O julgamento envolveu dois fundos de investimento que exploram o Shopping Parque Dom Pedro, localizado em Campinas (SP). A fiscalização da Receita Federal resultou em uma autuação fiscal que ultrapassa R$ 400 milhões, incluindo juros de mora e multa de ofício de 75%. A base da autuação foi uma representação feita pela Comissão de Valores Mobiliários (CVM), que apontou possível irregularidade no fato de cotistas deterem mais de 25% das cotas dos fundos.
Para a Receita, a Aliansce Sonae — atualmente Allos — controlaria a Sierra Investimentos, que é uma das cotistas do fundo e também sócia do empreendimento imobiliário. Na visão do Fisco, essa configuração demonstraria uma participação indireta da Aliansce Sonae no fundo, o que atrairia a aplicação do artigo 2º da Lei nº 9.779/1999. Essa norma determina que, quando uma pessoa física ou jurídica detém mais de 25% das cotas de um FII, ele pode ser equiparado a uma pessoa jurídica, sendo, assim, obrigado a recolher IRPJ, CSLL, PIS e COFINS.

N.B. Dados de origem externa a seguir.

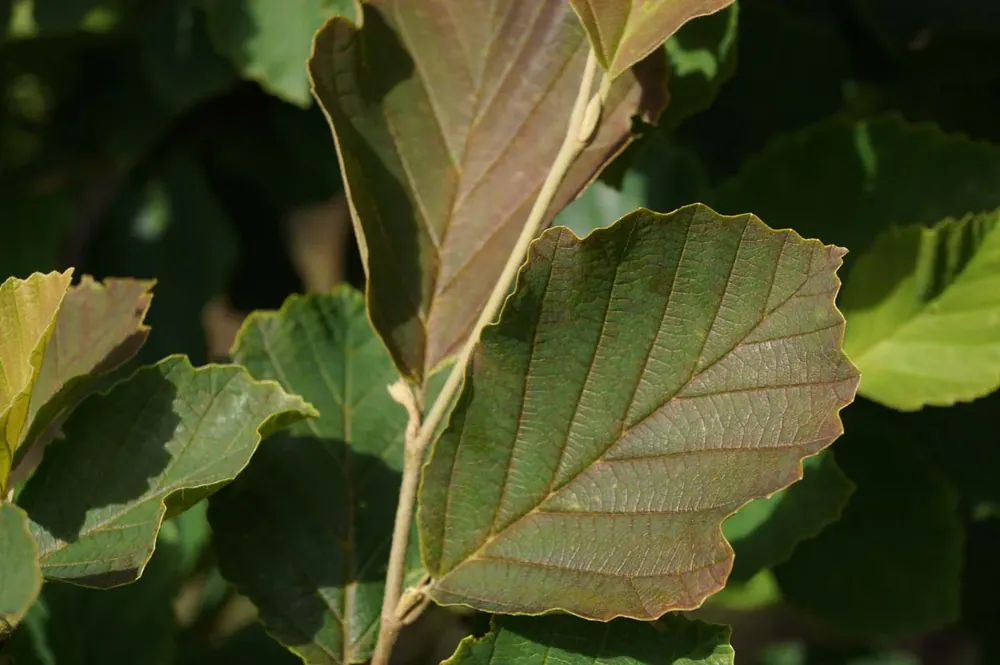 Hamamelis vernalis ‘Amethyst‘ Neue Kollektion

O relator do caso, conselheiro Efigênio de Freitas Júnior, divergiu da interpretação adotada pela Receita Federal. Ele destacou que a Aliansce Sonae não é cotista do fundo diretamente, mas participa do empreendimento indiretamente por meio da controladora Sierra Investimentos. Para o relator, o conceito de “cotista” estabelecido no artigo 2º da Lei nº 9.779/1999 exige uma participação direta no fundo, o que não ocorre no caso em análise.
O conselheiro afirmou que, para que se configure a equiparação de um FII a uma pessoa jurídica, é indispensável que a participação acionária seja direta e não indireta. O simples fato de uma empresa ser controladora de outra que, por sua vez, é cotista do fundo não é suficiente para atrair a incidência da norma. Além disso, Freitas Júnior destacou que a legislação não referir-se a participações indiretas, e a aplicação dessa lógica sem previsão legal clara violaria o princípio da legalidade tributária.
Outro ponto de destaque no voto foi a ausência de comprovação de dolo, fraude ou simulação nas operações realizadas. Consoante o relator, apenas a existência de práticas fraudulentas poderia justificar a aplicação do dispositivo legal para equiparar o FII a uma pessoa jurídica.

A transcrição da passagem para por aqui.